3.) Lets try to incorporate--as much as possible--insights provided by
Japanese viewers/analysts.
4.) Something I really would like to know more about is the "political
content" of influential anime.
5.) It seems to me that one important line of thinking--one which emerged
from the final symposium on documentary film at Yamagata Film Festival two
years ago--has to do with the trend toward extremely individualized
filmmaking (a reflection of atomization) reflected in themes and
story-telling. Indirectly, we see a negative response to this in Nonaka's
condemnation of "the loss of Japanese identity."
6.) The Welsh independent filmmaker John Williams, working here in Japan,
published an excellent analysis of the WINGS OF THE GODS and the other war
films made in 1995 as part of the 50th anniversary of the end of the war.
Its publishe din the Nagoya University Faculty for Languages and Cultures
Journal (2 1/2 yrs. ago?). Although its not so easy toget, its worth
circulating.
7.) Extended, often eerie silences seem to be endemic to many recent films
(Kitano's to mention only one). Does this have a political significance?
8.) Just who is looking at recent Japanese cinema in Japan? How
representative is it of some wider zeitgeist?
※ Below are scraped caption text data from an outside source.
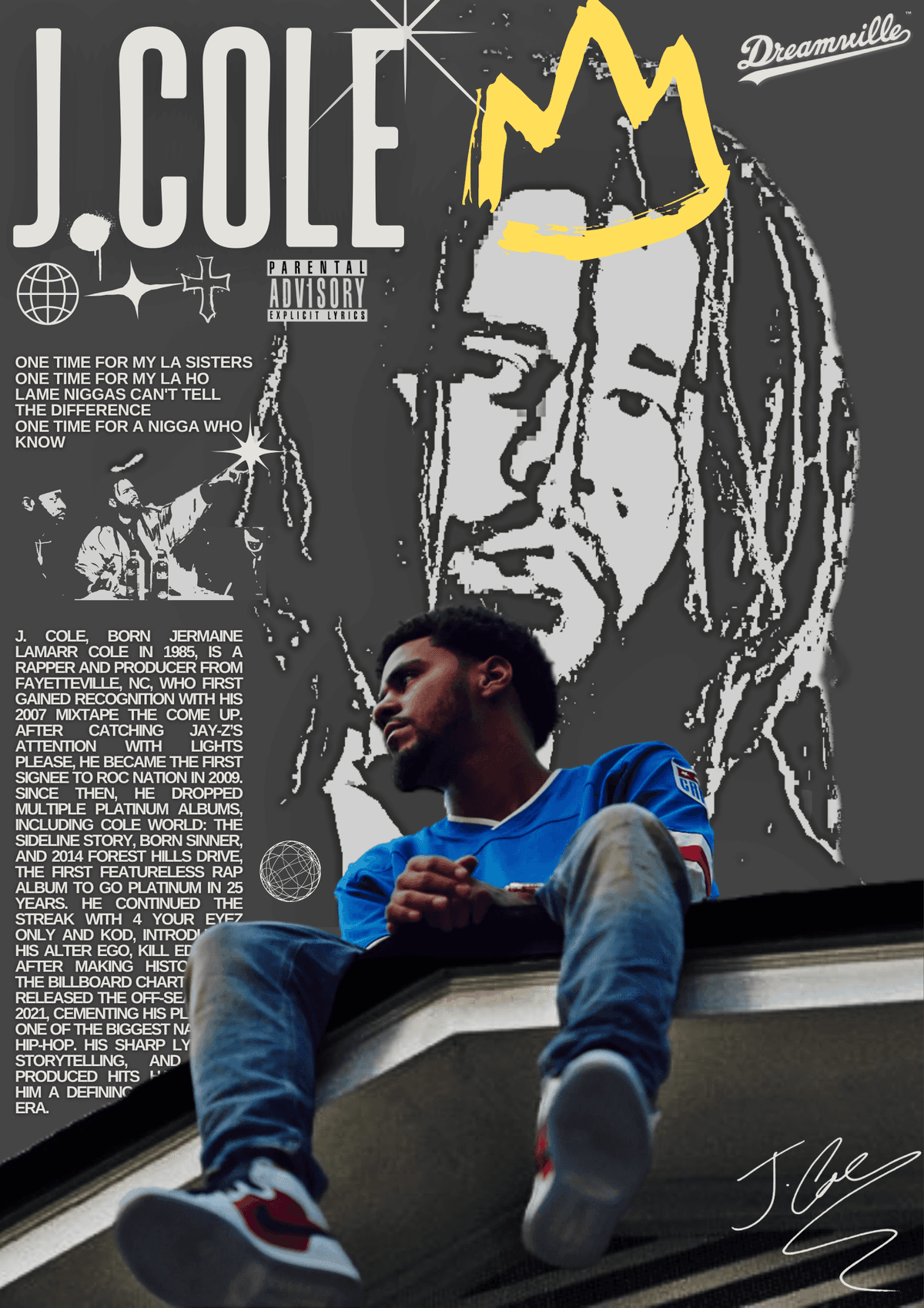 J.Cole Poster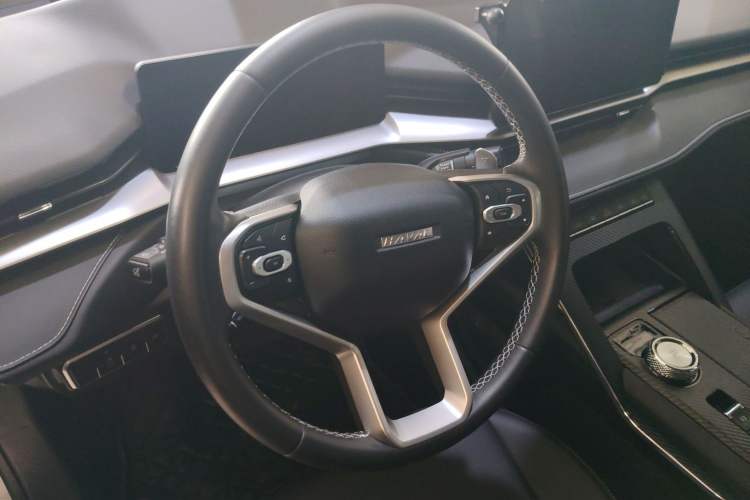 Used Haval H6 2021 3rd Generation 1.5T Automatic Two-Wheel Drive Max Steering Wheel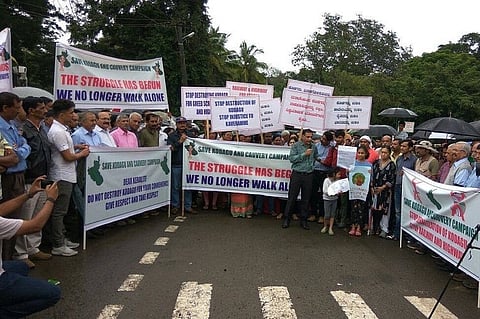 A railway link through Kodagu has been approved by govt, citizen groups to protest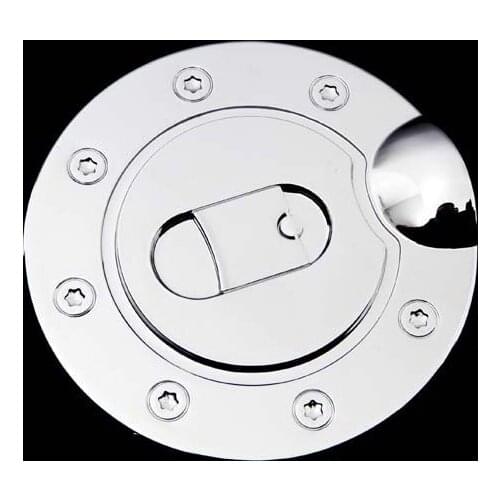 For Ford 2004 2005 2006 2007 2008 F-150 Chrome ABS Gas Door Cover DOES NOT FIT 2004 HERITAGE OR FLARESIDE MODELS
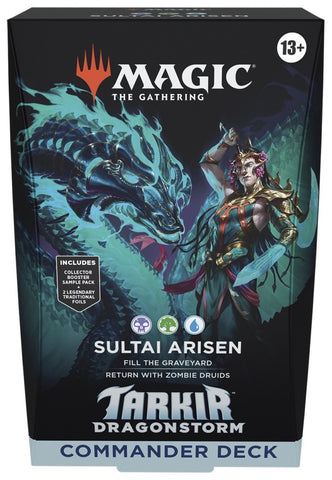 Tarkir Dragonstorm Commander Decks - Sultai Arisen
If it really is
marginalized, does a "political analysis" of it tell us much about what's
really going on? Should we be looking at tv instead?
9.) What about Mark Schilling's comment that the only form left for
effective political comentary in Japanese cinema is satire--and that Japan
needs its own Tim Robbins of the silver screen? Personally, I would like
to see the enmergence of a new Japanese realism, starting with scripts
reflecting the actual idiom and rythms of contemporary speech and moving
on to the fielding of characters identifiable in real life. I believe J.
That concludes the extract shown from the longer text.